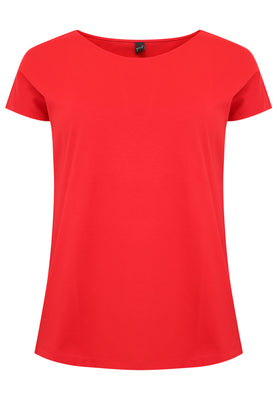 T-shirt cap sleeves COTTON - red  - #4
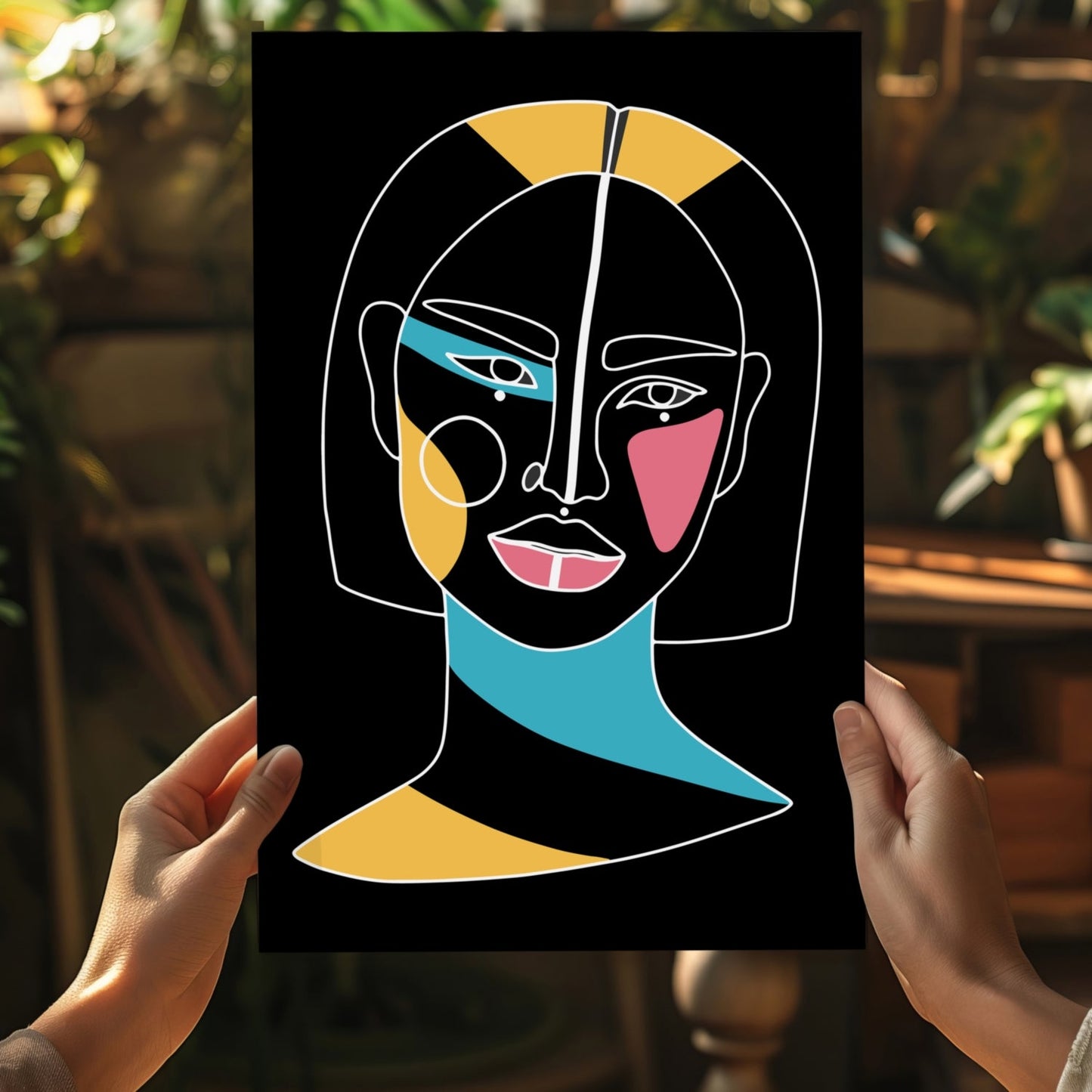 Bob Haircut Line Portrait Aluminum Print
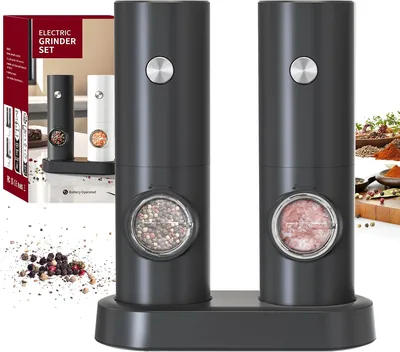 Circle Joy Electric Salt Pepper Grinder Set White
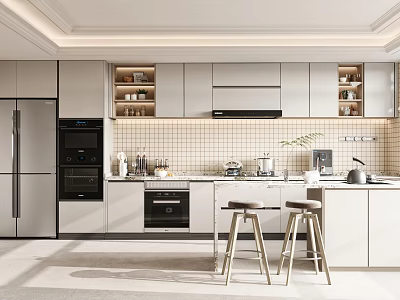 modern kitchen cream kitchen 3d model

* TASK
Please print the material exactly as given above, omitting the pictures.

* RESPONSE TO THE EXERCISE
 T-shirt cap sleeves COTTON - red  - #4
 Bob Haircut Line Portrait Aluminum Print
 Circle Joy Electric Salt Pepper Grinder Set White
 modern kitchen cream kitchen 3d model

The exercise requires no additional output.